Evidence-based governance for data definitions
The Problem
Most data problems aren’t about bad data—they’re about bad definitions.
When a dashboard says “X patients are ready for discharge”, it’s showing the result of a rule, not reality. That rule might be sensible, but once it becomes a target, people adapt to it.

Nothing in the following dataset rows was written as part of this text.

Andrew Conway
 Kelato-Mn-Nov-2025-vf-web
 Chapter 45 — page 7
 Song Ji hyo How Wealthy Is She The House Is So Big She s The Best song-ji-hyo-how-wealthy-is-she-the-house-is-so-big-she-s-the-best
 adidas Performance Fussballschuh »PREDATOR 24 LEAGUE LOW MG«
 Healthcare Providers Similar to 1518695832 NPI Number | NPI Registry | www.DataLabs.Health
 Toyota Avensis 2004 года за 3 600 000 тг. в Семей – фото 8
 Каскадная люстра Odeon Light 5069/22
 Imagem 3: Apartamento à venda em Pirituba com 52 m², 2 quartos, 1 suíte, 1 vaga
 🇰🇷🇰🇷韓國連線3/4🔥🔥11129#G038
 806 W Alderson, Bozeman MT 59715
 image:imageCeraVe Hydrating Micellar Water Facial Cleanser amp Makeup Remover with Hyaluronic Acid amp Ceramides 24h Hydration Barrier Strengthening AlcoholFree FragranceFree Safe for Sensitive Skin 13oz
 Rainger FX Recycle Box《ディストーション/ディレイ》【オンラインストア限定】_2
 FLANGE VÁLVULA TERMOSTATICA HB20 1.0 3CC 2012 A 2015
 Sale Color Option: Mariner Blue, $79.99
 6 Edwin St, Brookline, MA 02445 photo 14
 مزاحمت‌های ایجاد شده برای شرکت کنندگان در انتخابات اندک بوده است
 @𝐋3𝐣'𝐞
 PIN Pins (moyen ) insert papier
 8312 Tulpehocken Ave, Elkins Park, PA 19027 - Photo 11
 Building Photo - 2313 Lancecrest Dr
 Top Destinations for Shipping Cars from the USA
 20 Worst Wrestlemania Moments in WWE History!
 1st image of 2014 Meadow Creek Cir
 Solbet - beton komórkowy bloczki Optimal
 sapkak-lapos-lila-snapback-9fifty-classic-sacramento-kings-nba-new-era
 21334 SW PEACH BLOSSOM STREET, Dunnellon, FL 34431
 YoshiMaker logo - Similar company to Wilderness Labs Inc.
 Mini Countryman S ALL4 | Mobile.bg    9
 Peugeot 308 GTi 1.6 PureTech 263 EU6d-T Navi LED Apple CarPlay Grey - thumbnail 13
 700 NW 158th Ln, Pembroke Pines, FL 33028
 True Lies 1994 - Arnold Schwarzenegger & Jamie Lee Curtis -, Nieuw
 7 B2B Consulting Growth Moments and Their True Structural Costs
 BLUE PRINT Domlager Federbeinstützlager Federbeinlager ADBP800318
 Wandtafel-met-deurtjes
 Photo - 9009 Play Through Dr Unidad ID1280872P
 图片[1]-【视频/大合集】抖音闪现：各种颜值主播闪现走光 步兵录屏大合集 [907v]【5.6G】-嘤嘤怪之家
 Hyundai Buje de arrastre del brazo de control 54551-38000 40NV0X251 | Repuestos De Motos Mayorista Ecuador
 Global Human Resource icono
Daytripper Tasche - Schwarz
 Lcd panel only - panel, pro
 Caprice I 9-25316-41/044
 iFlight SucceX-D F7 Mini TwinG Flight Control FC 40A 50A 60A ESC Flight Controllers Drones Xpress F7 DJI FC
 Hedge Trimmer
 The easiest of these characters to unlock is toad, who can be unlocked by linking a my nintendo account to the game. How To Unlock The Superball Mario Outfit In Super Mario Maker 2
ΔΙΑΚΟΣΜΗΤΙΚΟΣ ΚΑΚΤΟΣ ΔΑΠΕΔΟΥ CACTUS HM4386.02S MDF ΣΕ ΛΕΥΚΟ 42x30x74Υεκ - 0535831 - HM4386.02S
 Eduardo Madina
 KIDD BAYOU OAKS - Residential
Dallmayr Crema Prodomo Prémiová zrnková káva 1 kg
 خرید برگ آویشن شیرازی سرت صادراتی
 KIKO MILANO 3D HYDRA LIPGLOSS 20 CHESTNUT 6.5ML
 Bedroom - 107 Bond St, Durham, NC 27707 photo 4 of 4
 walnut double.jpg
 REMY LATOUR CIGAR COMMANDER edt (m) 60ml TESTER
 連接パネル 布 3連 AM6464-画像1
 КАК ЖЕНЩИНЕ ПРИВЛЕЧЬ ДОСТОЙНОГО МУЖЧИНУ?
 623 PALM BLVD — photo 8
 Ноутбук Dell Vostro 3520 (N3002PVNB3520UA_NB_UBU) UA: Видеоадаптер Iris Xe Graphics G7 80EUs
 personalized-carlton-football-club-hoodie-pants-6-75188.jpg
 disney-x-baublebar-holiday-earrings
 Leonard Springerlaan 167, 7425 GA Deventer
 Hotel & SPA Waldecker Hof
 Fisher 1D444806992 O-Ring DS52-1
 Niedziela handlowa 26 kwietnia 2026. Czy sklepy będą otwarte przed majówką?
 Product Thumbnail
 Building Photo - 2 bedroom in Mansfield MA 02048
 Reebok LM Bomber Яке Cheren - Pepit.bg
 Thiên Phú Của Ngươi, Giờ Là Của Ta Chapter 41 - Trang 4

The definition doesn’t change, but what it measures does.
This is ontology drift: the gradual divergence between what a definition claims to measure and what it actually measures.
The Solution
ontologyR treats definitions as hypotheses, not decrees:
- Version definitions — never overwrite, always add new versions
- Audit definitions — sample cases and check if definitions match reality
- Detect drift — track disagreement rates over time
- Govern with evidence — use audit data to inform adoption and deprecation
Two API Styles
ontologyR offers two equivalent ways to work with ontologies:
Style 1: Object-based (recommended for interactive use)
Inspired by ontologyIndex, this feels R-native with $ accessors:
library(ontologyR)
# Create ontology object
ont <- ontology(":memory:")
# Register and define
ont$register_object("Encounter", "encounters", "encounter_id")
ont$define_concept("ready_for_discharge", "Encounter")
ont$add_version("ready_for_discharge", "flow", 1,
"NOT planned_intervention", status = "active")
# Explore with $ syntax
ont$concepts
ont$concepts$ready_for_discharge
ont$concepts$ready_for_discharge$flow[[1]]
# Evaluate from version object
v <- ont$concepts$ready_for_discharge$flow[[1]]
result <- v$evaluate()
# Audit workflow
sample <- ont$sample("ready_for_discharge", "flow", n = 20)
ont$record_audit("ready_for_discharge", "flow", 1, "E1", TRUE, FALSE, "reviewer")
ont$drift_status()
ont$disconnect()Style 2: Function-based (recommended for scripts/packages)
Explicit functions with database connection management:
library(ontologyR)
# Connect to ontology database
ont_connect(":memory:")
# Register object type (maps logical name to physical table)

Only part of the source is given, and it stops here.